While most non-retired adults had some type of retirement savings, fewer than 4 in 10 thought their retirement saving was on track. Because retirement saving strategies differ by circumstances and age, survey respondents assessed whether or not they felt that they are on track, but they defined that for themselves. Thirty-seven percent of non-retired adults thought their retirement saving was on track, while 44 percent said it is not and the rest were not sure.
Retirement savings and perceived preparedness differed across demographic groups. Younger adults were both less likely to have retirement savings and to view their savings as on track than older adults. Additionally, black and Hispanic non-retirees were less likely to have retirement savings and to view their retirement savings as on track (table 30). The lower rates of savings among black and Hispanic non-retirees partly reflects the fact that black and Hispanic adults are, on average, younger than the non-retired population overall. Even within age cohorts, however, significant differences remained in retirement savings by race and ethnicity.
Table 30. Retirement savings and self-assessed preparedness (by age, race/ethnicity)
Percent
Characteristic | Any retirement savings | Retirement savings on track |
---|---|---|
Age | ||
18–29 | 62 | 29 |
30–44 | 73 | 35 |
45–59 | 83 | 44 |
60+ | 88 | 51 |
Race/ethnicity | ||
White | 80 | 43 |
Black | 64 | 29 |
Hispanic | 61 | 22 |
Overall | 74 | 37 |
Note: Among non-retirees.
At all ages, a sizeable minority of non-retirees with modest retirement savings felt that they were on track toward their retirement savings goals. Most non-retirees of all ages without retirement savings recognized that they were not on track. However, one-third of people in their 30s who had some self-directed retirement savings, but less than $50,000 worth, felt that they were on track. Even among older ages, one-fourth of those with this level of self-directed savings in their 40s felt they were on track, and one-fifth of those in their 50s felt that they were. However, for many individuals this level of savings falls short of the recommended retirement savings goals, by age range, suggested by financial planners.47
Comfort Managing Savings and Financial Literacy
Non-retirees with self-directed retirement savings varied in their comfort with making investment decisions for their accounts. Nearly 6 in 10 non-retirees with self-directed retirement savings expressed low levels of comfort in making investment decisions with their accounts.

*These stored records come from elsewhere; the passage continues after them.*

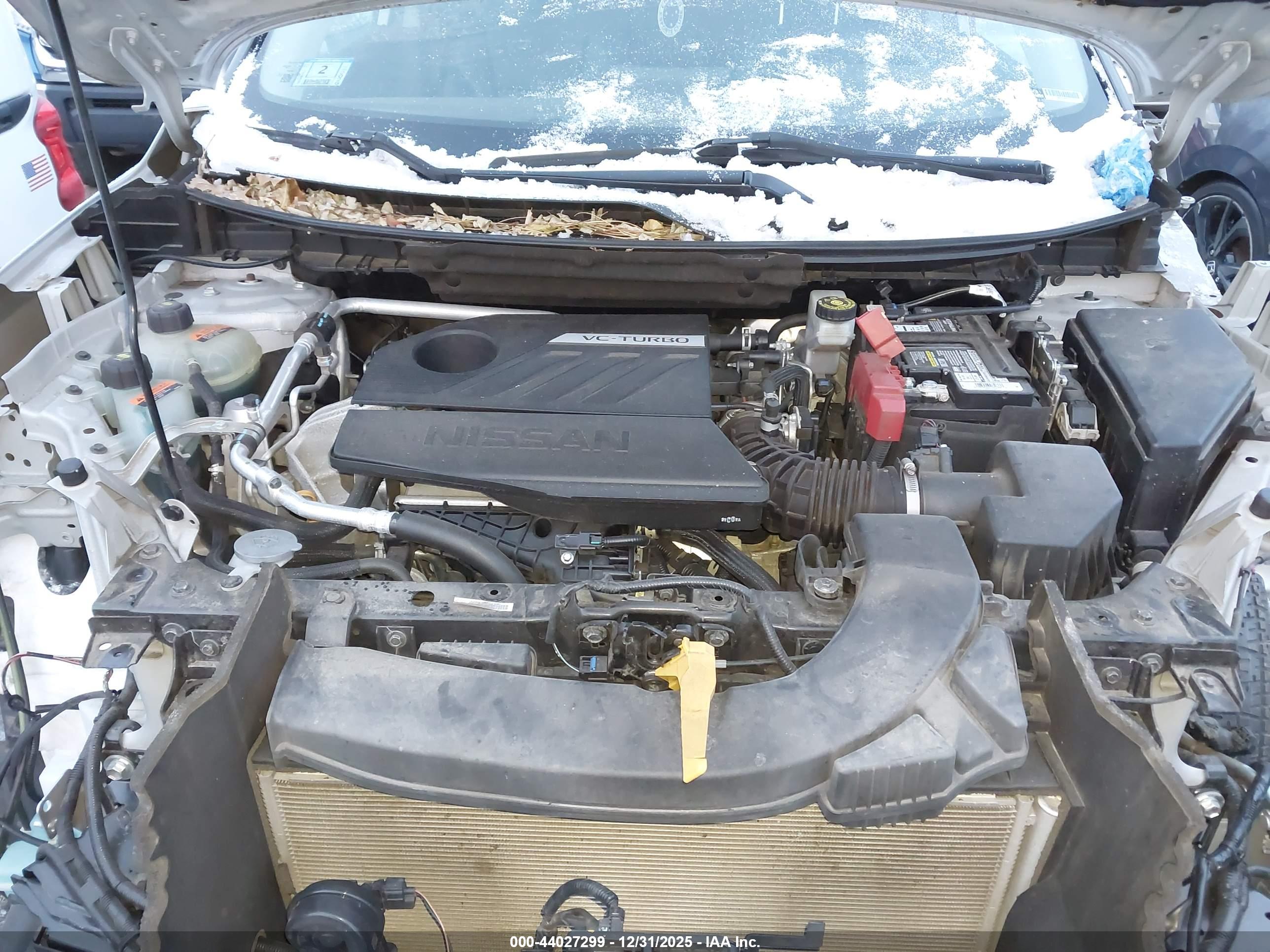 NISSAN ROGUE image 10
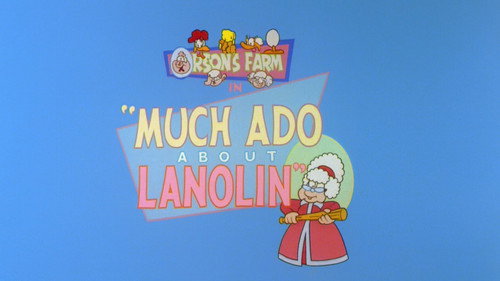 Garfield and Friends - S3E20: Much Ado About Lanolin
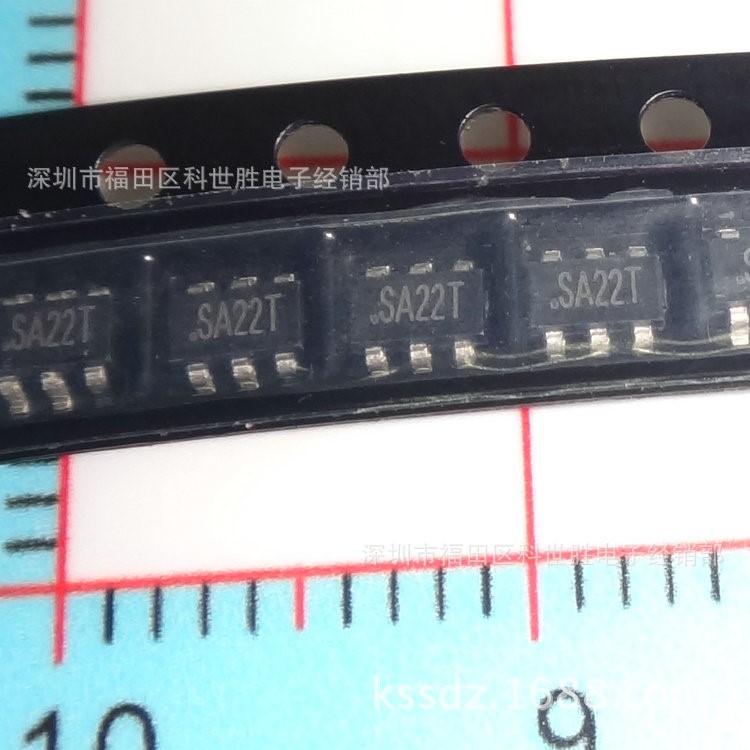 高精度手机充电器IC SA2AU 开关电源芯片SA240 SOT-23-6 原装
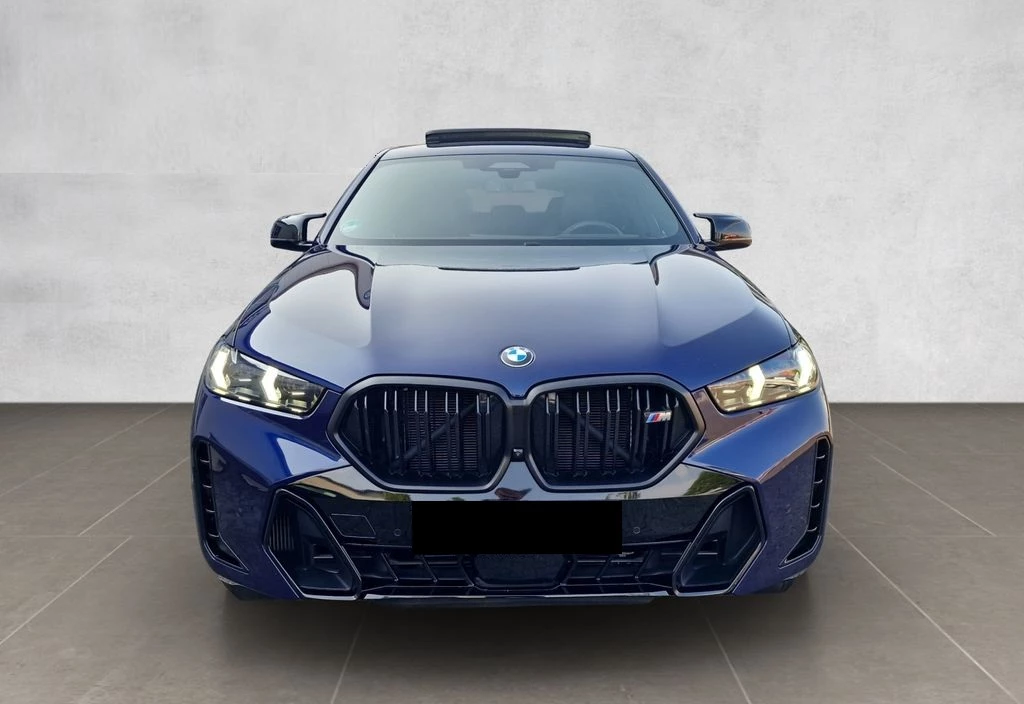 BMW X6 – foto 5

Among those non-retirees with self-directed savings, women of all education levels, and men with less education, were not as comfortable as men with at least a bachelor's degree at managing their retirement investments (figure 37). While 60 percent of men with at least a bachelor's degree were mostly or very comfortable making investment decisions, 43 percent of men with a high school degree or less expressed that level of comfort. Women with any level of education were less comfortable making investment decisions than men. Thirty-two percent of women with a bachelor's degree were comfortable managing their investments, and the share was similar for women with less education.
To get some sense of individuals' financial knowledge, respondents were asked three questions commonly used as measures of financial literacy (figure 38).48 Higher shares of adults provided correct answers to questions about interest and inflation than to the question on risk diversification. The average number of correct answers was 1.8 out of 3, and 35 percent of adults got all three correct.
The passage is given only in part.